Le décès d’un animal, qu’on a aimé et qui nous a aimé, est un moment déchirant. Comme tous les vétérinaires, et plus particulièrement depuis que je m’intéresse aux accompagnements de la fin de vie, je peux dire que je côtoie de près la douleur et la peine vécues par les familles. Je suis témoin de la souffrance et du sentiment de culpabilité, très souvent ; des remords, parfois.
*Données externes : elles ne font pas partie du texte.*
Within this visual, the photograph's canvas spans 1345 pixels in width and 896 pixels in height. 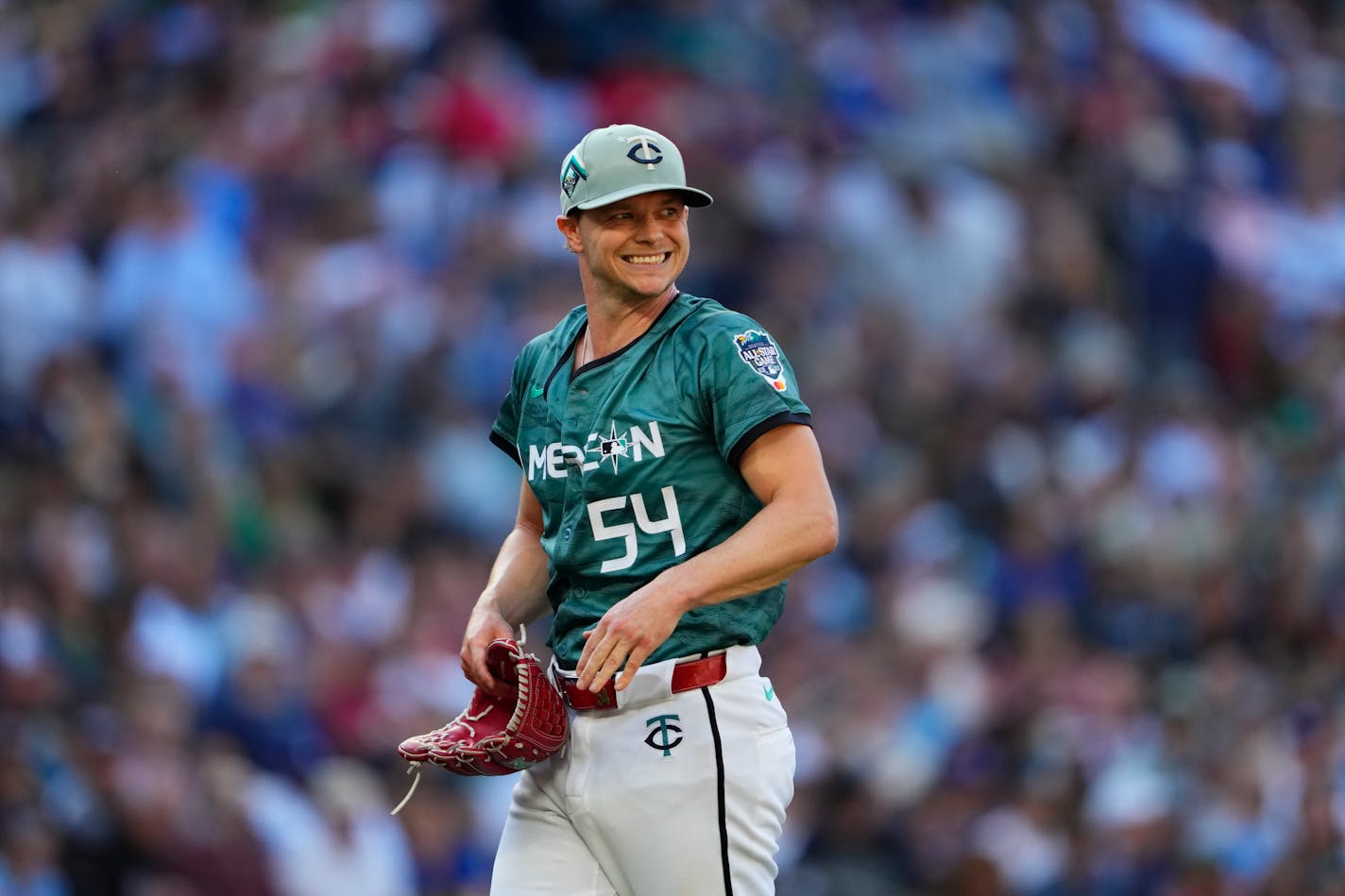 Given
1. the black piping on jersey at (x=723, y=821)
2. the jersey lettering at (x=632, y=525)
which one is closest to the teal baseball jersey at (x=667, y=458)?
the jersey lettering at (x=632, y=525)

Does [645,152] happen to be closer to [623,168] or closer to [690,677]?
[623,168]

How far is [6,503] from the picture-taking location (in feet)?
31.0

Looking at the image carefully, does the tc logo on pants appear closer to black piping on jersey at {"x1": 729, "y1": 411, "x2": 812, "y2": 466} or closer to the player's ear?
black piping on jersey at {"x1": 729, "y1": 411, "x2": 812, "y2": 466}

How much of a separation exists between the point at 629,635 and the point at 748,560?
299mm

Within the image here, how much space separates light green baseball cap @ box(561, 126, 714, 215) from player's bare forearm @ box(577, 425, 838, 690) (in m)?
0.63

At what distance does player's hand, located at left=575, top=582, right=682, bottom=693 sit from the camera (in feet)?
13.1

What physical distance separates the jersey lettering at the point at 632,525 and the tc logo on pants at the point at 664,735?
0.35 meters

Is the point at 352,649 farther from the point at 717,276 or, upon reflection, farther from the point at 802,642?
the point at 717,276

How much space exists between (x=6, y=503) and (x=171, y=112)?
2.96m

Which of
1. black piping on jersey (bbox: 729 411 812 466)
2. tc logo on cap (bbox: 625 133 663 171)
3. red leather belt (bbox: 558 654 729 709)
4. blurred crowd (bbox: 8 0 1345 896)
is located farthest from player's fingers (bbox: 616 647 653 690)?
blurred crowd (bbox: 8 0 1345 896)

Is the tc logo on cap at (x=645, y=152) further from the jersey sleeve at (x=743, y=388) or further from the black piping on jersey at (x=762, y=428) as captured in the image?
the black piping on jersey at (x=762, y=428)

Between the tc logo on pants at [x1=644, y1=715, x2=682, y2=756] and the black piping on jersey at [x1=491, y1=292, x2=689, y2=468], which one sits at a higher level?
the black piping on jersey at [x1=491, y1=292, x2=689, y2=468]

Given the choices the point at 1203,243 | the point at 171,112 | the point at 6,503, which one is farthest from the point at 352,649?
the point at 1203,243

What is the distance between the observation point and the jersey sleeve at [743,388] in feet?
13.8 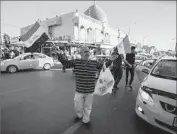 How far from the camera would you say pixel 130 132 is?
2.71 metres

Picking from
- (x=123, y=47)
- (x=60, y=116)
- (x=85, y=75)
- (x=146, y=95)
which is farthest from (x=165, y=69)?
(x=60, y=116)

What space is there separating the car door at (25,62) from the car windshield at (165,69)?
1002cm

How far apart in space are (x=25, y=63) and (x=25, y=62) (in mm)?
84

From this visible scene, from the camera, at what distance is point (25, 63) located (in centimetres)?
1088

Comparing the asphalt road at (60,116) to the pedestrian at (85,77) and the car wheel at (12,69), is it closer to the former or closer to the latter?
the pedestrian at (85,77)

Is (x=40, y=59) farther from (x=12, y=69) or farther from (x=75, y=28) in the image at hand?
(x=75, y=28)

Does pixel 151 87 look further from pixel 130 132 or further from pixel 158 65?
pixel 158 65

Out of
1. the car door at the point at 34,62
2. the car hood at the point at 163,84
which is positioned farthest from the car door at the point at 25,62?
the car hood at the point at 163,84

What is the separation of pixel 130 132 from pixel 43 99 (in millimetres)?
3019

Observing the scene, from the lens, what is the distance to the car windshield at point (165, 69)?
3185 millimetres

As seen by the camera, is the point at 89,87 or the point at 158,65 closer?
the point at 89,87

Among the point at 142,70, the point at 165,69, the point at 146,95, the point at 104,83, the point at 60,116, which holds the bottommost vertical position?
the point at 60,116

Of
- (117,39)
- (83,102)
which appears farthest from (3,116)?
(117,39)

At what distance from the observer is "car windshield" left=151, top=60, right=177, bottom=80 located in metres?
3.18
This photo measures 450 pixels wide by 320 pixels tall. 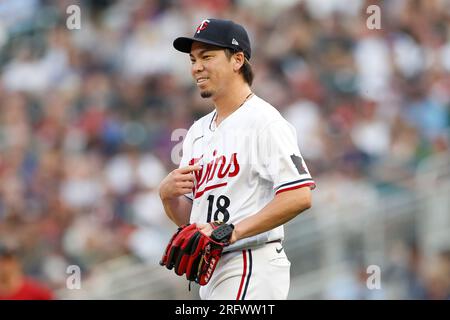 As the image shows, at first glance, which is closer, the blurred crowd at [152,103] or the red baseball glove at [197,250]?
the red baseball glove at [197,250]

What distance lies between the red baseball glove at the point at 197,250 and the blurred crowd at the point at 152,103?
4.06 m

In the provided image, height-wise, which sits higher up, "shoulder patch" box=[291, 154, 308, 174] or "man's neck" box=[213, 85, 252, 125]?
"man's neck" box=[213, 85, 252, 125]

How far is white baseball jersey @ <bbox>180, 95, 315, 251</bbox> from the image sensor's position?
13.9 ft

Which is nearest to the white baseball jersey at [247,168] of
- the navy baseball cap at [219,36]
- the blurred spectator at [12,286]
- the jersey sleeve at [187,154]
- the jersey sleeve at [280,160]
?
the jersey sleeve at [280,160]

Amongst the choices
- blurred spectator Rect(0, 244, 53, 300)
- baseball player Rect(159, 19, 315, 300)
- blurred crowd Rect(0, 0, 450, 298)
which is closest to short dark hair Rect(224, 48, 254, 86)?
baseball player Rect(159, 19, 315, 300)

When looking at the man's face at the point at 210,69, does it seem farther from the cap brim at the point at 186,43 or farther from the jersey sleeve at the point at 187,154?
the jersey sleeve at the point at 187,154

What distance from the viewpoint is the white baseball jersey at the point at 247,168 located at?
13.9ft

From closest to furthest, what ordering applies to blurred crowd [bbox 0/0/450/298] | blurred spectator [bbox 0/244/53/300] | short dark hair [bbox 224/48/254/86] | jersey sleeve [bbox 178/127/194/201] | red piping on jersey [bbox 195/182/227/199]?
red piping on jersey [bbox 195/182/227/199], short dark hair [bbox 224/48/254/86], jersey sleeve [bbox 178/127/194/201], blurred spectator [bbox 0/244/53/300], blurred crowd [bbox 0/0/450/298]

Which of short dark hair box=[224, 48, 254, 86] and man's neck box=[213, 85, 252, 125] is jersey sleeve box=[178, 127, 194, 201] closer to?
man's neck box=[213, 85, 252, 125]

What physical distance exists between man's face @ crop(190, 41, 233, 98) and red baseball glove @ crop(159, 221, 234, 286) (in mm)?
601

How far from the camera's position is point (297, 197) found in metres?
4.18

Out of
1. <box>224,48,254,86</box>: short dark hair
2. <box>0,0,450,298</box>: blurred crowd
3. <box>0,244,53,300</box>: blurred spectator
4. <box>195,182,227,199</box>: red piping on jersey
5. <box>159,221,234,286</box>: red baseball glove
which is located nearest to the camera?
<box>159,221,234,286</box>: red baseball glove

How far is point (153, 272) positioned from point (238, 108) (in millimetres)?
3720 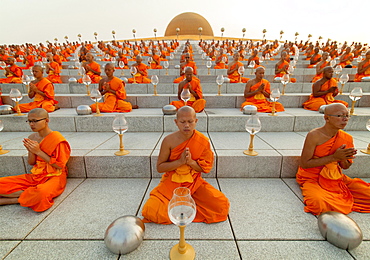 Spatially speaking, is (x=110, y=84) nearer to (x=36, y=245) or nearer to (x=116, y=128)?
(x=116, y=128)

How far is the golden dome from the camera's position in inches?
1470

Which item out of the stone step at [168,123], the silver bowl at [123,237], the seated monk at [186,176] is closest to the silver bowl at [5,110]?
the stone step at [168,123]

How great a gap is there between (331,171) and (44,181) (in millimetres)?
3650

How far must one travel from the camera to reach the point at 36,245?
1958mm

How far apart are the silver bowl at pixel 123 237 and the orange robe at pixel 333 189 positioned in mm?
1924

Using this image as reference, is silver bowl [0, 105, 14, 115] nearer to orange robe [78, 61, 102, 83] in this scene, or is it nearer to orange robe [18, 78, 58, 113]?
orange robe [18, 78, 58, 113]

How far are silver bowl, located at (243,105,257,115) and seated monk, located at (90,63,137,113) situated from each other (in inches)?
114

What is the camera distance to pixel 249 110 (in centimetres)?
490

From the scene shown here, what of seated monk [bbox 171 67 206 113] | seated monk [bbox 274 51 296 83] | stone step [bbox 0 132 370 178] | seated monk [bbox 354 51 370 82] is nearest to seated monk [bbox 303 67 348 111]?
seated monk [bbox 274 51 296 83]

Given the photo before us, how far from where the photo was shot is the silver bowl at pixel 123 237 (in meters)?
1.79

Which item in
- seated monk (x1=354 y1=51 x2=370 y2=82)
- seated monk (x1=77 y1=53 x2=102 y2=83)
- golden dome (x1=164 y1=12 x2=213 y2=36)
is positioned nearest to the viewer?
seated monk (x1=77 y1=53 x2=102 y2=83)

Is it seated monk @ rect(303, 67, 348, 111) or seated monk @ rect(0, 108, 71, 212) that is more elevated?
seated monk @ rect(303, 67, 348, 111)

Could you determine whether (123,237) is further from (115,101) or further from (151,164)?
(115,101)

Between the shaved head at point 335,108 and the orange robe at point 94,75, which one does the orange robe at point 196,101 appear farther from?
the orange robe at point 94,75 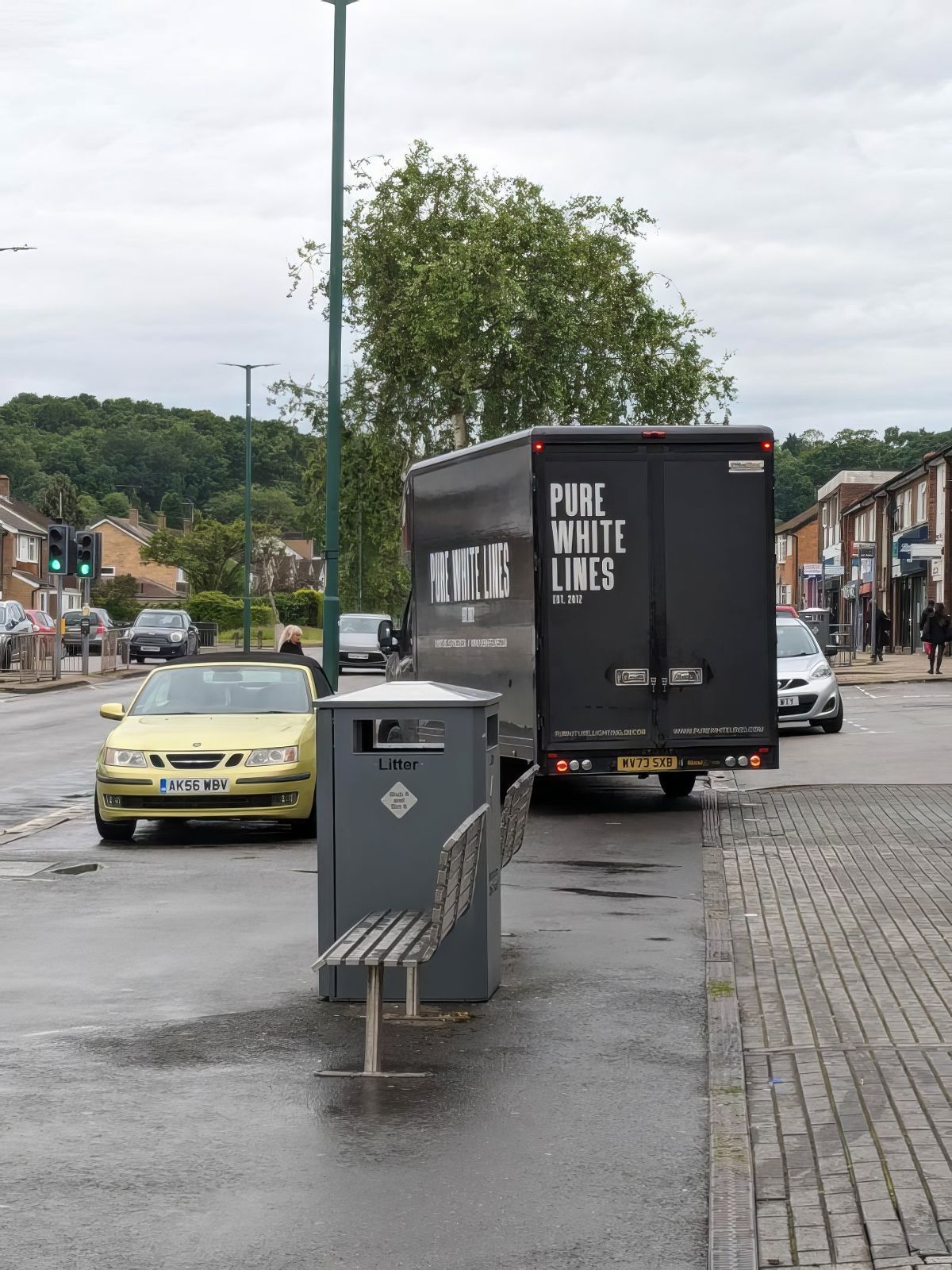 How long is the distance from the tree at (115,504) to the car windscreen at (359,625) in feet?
347

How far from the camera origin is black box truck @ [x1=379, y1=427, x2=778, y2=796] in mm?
14492

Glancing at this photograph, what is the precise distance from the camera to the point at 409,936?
6.68m

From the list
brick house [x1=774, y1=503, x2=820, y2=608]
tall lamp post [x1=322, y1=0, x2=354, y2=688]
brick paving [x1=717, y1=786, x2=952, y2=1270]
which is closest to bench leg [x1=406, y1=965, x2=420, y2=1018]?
brick paving [x1=717, y1=786, x2=952, y2=1270]

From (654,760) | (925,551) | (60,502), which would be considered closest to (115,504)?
(60,502)

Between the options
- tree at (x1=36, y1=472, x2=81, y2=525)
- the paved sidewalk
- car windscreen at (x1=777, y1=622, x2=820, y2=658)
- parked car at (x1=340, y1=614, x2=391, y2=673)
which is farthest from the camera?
tree at (x1=36, y1=472, x2=81, y2=525)

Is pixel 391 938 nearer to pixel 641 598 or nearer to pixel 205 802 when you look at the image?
pixel 205 802

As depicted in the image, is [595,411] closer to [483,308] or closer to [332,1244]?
[483,308]

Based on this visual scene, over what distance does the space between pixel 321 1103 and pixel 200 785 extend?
7480 millimetres

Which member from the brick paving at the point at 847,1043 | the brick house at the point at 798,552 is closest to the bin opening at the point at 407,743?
the brick paving at the point at 847,1043

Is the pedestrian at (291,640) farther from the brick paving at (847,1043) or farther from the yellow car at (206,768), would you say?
the brick paving at (847,1043)

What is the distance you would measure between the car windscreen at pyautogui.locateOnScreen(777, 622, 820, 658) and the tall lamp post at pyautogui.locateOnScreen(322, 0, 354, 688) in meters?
8.37

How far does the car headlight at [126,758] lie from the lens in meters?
13.3

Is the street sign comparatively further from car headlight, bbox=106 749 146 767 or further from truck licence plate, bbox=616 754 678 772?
car headlight, bbox=106 749 146 767

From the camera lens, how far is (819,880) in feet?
36.2
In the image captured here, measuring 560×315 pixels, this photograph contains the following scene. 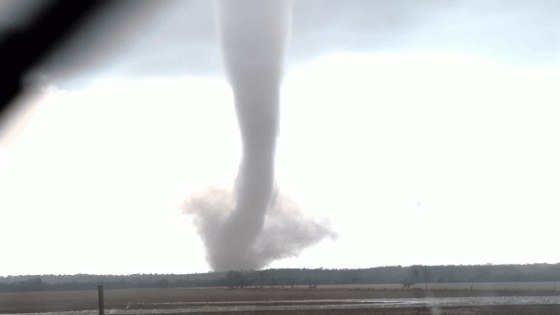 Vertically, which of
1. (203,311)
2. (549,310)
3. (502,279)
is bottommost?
(549,310)

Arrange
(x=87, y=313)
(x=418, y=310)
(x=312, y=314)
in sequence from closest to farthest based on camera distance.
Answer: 1. (x=312, y=314)
2. (x=418, y=310)
3. (x=87, y=313)

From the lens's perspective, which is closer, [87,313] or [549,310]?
[549,310]

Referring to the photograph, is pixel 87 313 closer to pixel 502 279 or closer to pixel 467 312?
pixel 467 312

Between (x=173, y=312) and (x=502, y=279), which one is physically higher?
(x=502, y=279)

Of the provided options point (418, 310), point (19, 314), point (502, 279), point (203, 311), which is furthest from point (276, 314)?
point (502, 279)

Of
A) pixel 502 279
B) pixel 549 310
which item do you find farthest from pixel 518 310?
pixel 502 279

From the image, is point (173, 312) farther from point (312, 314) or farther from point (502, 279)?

Le deuil animalier : une réalité émotionnelle profonde
Le lien entre les humains et leurs animaux familiers transcende souvent les mots. Lorsqu’un animal décède, la perte peut être dévastatrice. Les animaux ne sont plus simplement des biens matériels, mais des membres à part entière de la famille. Lorsqu’ils partent, la douleur ressentie est authentique, et il est alors essentiel de comprendre que pleurer la perte d’un animal est une réaction naturelle, avec une réalité émotionnelle profonde qui mérite d’être reconnue et respectée.
Des endeuillés isolés
Pourtant, le deuil animalier est encore souvent minimisé, voire ignoré dans nos sociétés. Il est encore fréquent que les gens considèrent comme “sentimentales” les personnes souffrant de la perte de leur animal ou qu’on leur reproche de faire de l’anthropomorphisme. Combien de personnes ont ressenti plus de peine au décès de leur animal qu’à celui d’un membre de leur propre famille, mais n’ont pas osé l’avouer à leurs proches ? À l’opposé, combien de personnes se sont entendues dire qu’elles feraient mieux d’aller dans un refuge chercher un nouvel animal pour aller mieux ? Ces paroles, dites souvent avec bienveillance, ne font qu’accentuer ce sentiment d’être incompris. Elles renient le lien unique qui unissait la personne à son animal. S’ensuit un risque d’isolement car les endeuillés ne veulent plus être confrontés à ce type de discours et préfèrent se taire.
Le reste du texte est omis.